8.19.2009

Harry Potter

We touched on Harry Potter in our sermon discussion time at church Sunday, after I preached 1 Samuel 28 - the witch/medium/sorceress of Endor. Here's some of what I said...

Suspension of disbelief makes it possible to read Harry Potter without disobeying God’s Word, regarding magic. You enter a fictional world where magic isn’t forbidden by God, but is a secret, academic subject, to be used for good or evil. I don’t believe it is inherently wrong to enter that fictional world, as long as you keep the magic there, as long as your Biblical worldview of reality isn’t altered because of it. Séances and witchcraft are not cool, fun, much less right, just because Harry Potter did it. Going through 1 Sam 28 would be a good orienting point for your older children who read Potter. I’ve only read the first book, and I did see some moral lessons and Gospel parallels in it. There’s plenty better stuff to read, but it won’t be forbidden to my children when they reach the right age (able to keep the magic in the fantasy world).

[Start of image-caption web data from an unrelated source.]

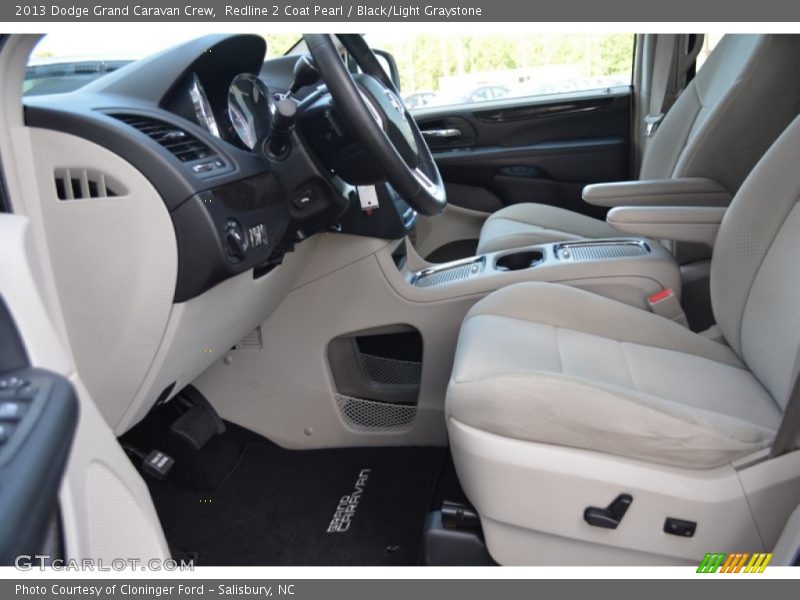 Redline 2 Coat Pearl / Black/Light Graystone 2013 Dodge Grand Caravan Crew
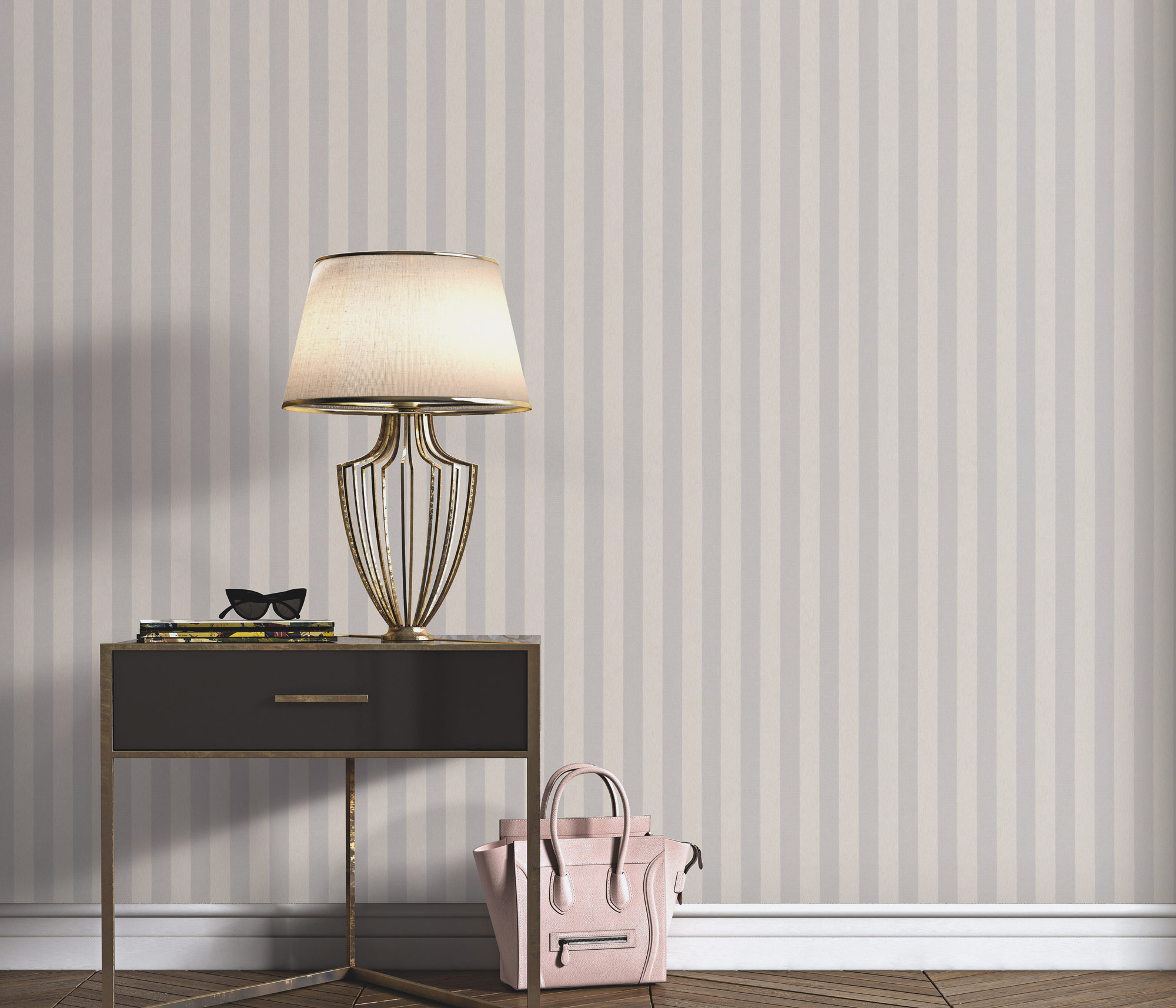 Erismann Vliestapete Versailles Streifen taupe 1029037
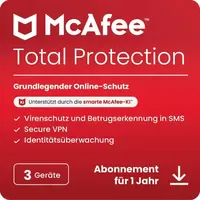 McAfee Total Protection 2025 ESD 3 Geräte 1 Jahr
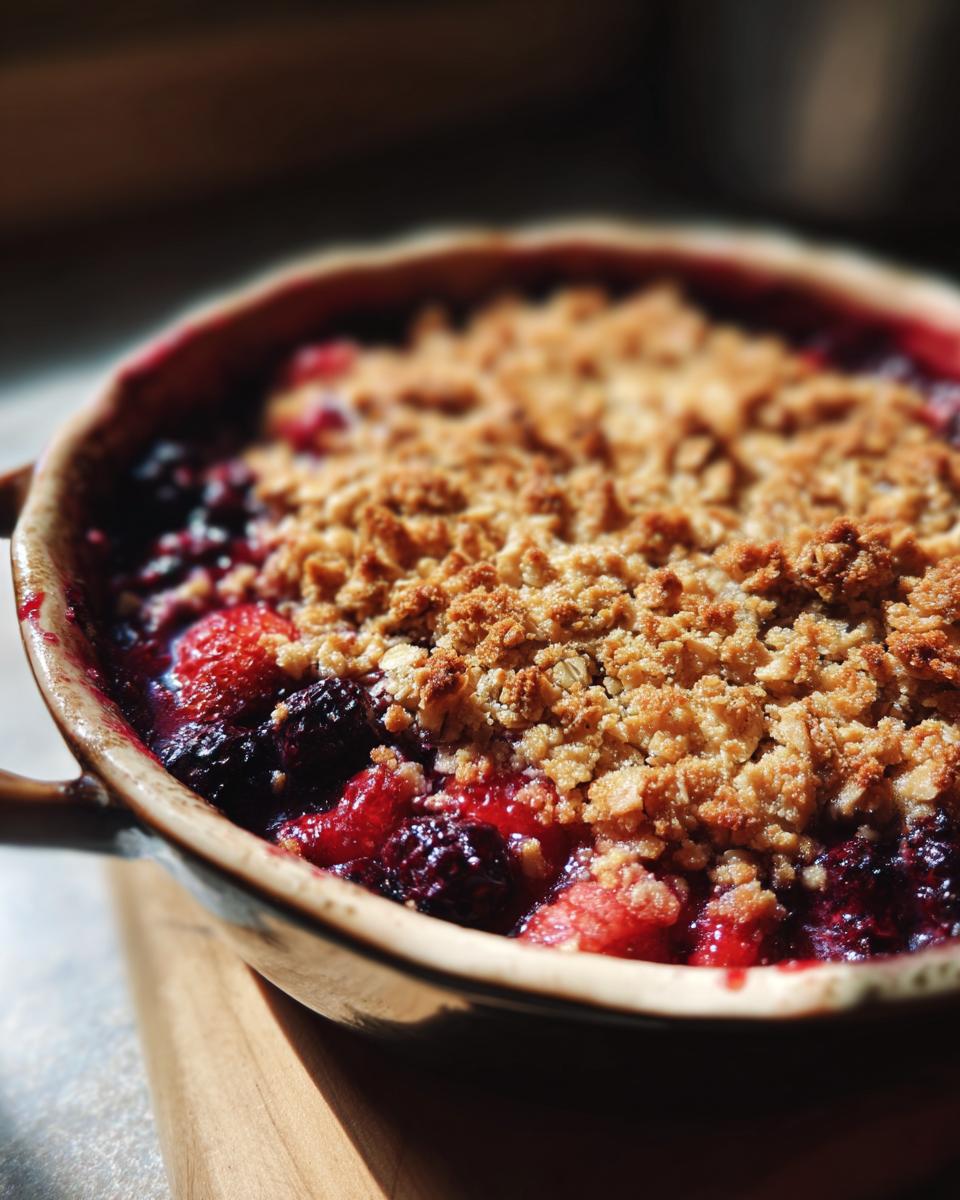 Summer Berry Crisp with Oat Topping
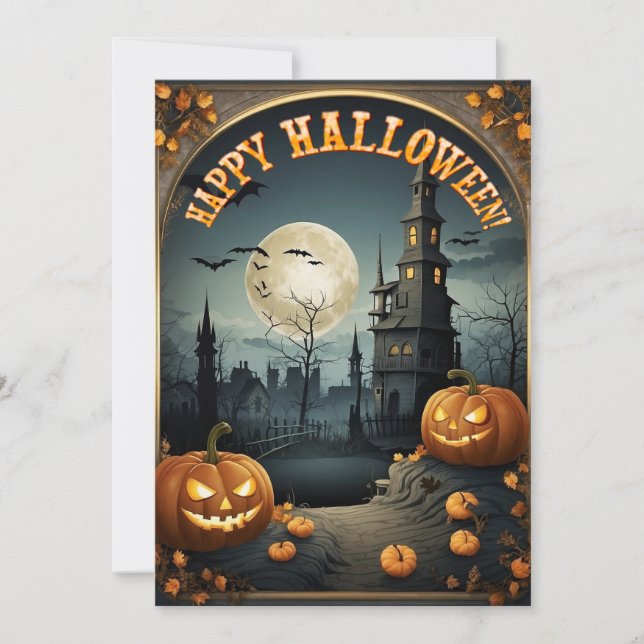 Bonne carte Halloween (Devant)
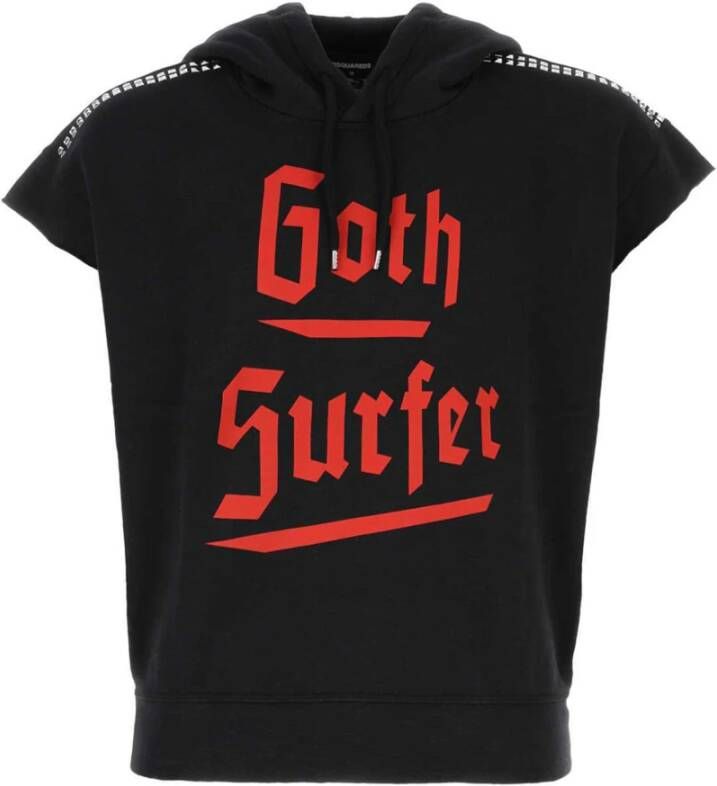 Dsquared2 Goth Surfer Mouwloze Sweatshirt Black Heren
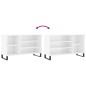vidaXL Mueble zapatero madera contrachapada blanco brillo 102x36x60 cm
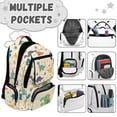 thumbnail image 6 of Yspwyqan School Backpack for Kids Teens, 600D Polyester Lightweight Boys Backpack, Multi-Pocket Fits 15.6 Laptop, Ice Cream Dino School Bag for Elementary Middle High, 6 of 7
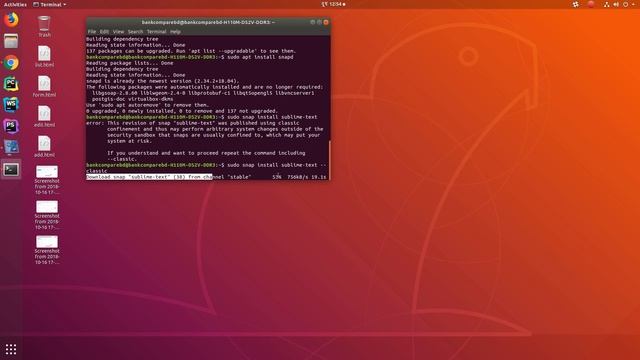 Install Sublime Text on Ubuntu 18.04.1 LTS (Bionic Beaver) using Snap смотреть онлайн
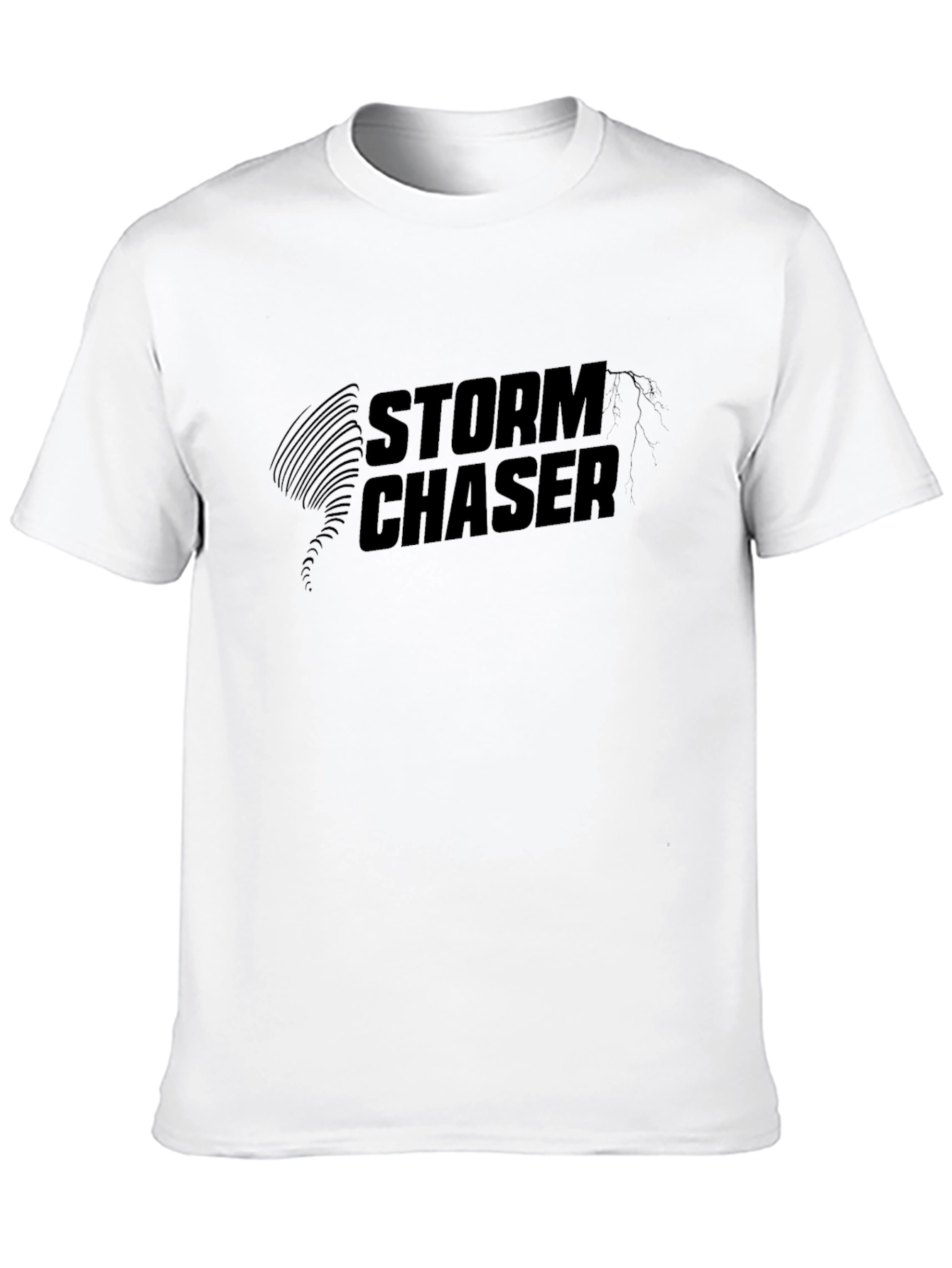 Storm Chaser Graphic Tee - Black Cotton Comfort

Some say we have no business imagining a world that contradicts the Bible. In response, I would agree it would be bad to delight in a storyline where homosexuality is a celebrated norm. The catch is that magic isn’t the same kind of problem, because magic is the perfect literary device to allude to unseen spiritual powers, over which Christ has triumphed. Col 2:15 “Having disarmed principalities and powers, He made a public spectacle of them, triumphing over them in it.” Satan and his minions wage warfare against us with no physical exertion of force whatsoever. In 2 Kings 6, Elisha’s servant could not see the army of fiery chariots protecting them from the Syrians. One way to portray this reality and remove the materialistic, rationalistic blinders we moderns have on today, is stories like Narnia, Potter and Tolkien. Now, compared to Narnia, Potter’s world is further removed from (more opposed to) the biblical worldview. Tolkien is in the middle, and Narnia is closest to the biblical worldview. So it takes greater discernment and filtering to read Potter. But the purpose of a story isn’t to make the imagined world as like Biblical reality as possible. That’s missing the purpose of a fictional story. The purpose of fiction is to advance the values and desires of the hero of the book. And Narnia, Tolkien and Potter all have heroes striving to stop evil through self-sacrifice.

So, it takes a suspension of disbelief. I say if we can’t do this, we disparage the gift of fiction, and we are missing a great deal of rich, Biblical truth to be found in stories like Narnia and Tolkien’s middle earth.